◆ GOAL OF THE EXERCISE: Your task is to repeat all of the data exactly while excluding the pictures.

Short web captions
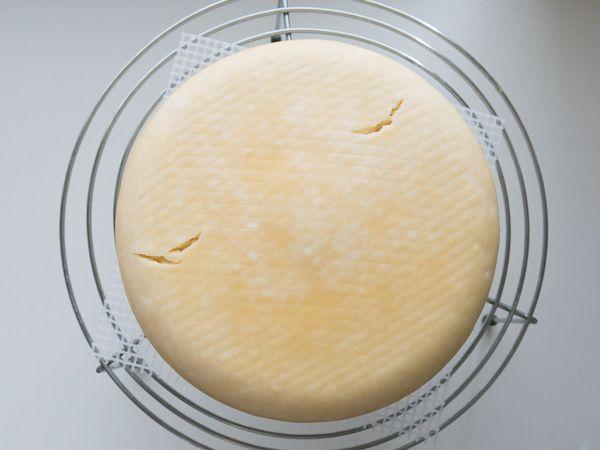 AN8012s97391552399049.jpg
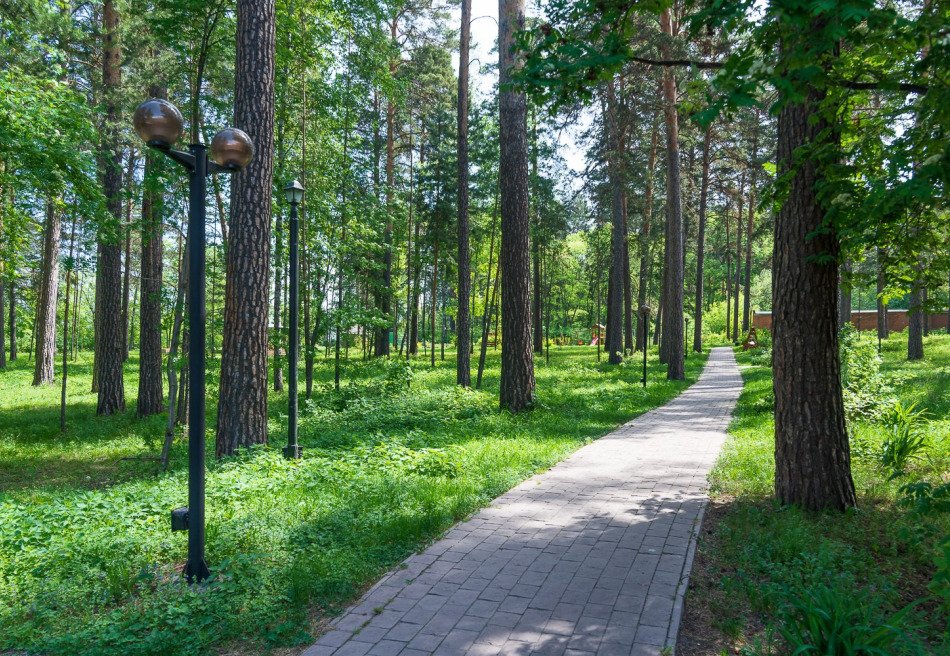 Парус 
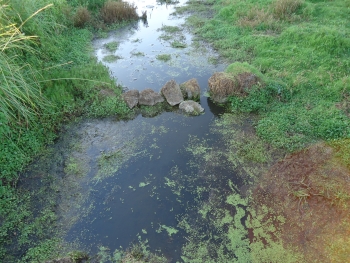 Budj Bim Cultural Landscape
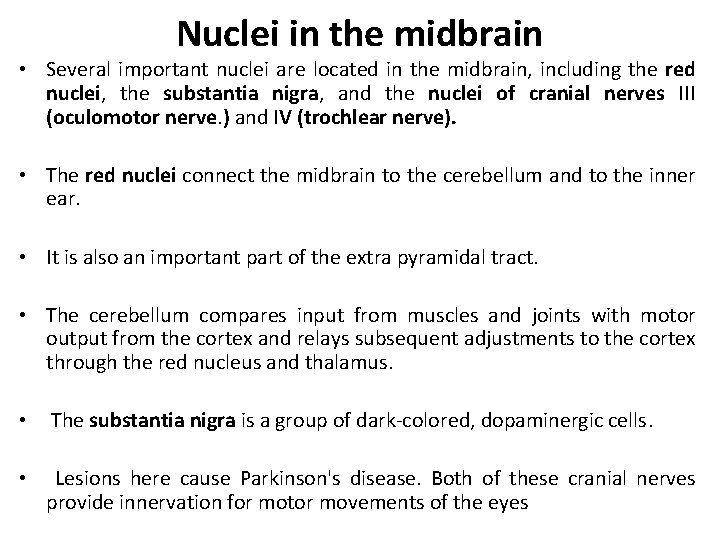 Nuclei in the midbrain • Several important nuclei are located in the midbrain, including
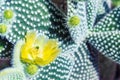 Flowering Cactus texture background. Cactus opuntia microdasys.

◆ ANSWER SPACE:
 AN8012s97391552399049.jpg
 Парус 
 Budj Bim Cultural Landscape
 Nuclei in the midbrain • Several important nuclei are located in the midbrain, including
 Flowering Cactus texture background. Cactus opuntia microdasys.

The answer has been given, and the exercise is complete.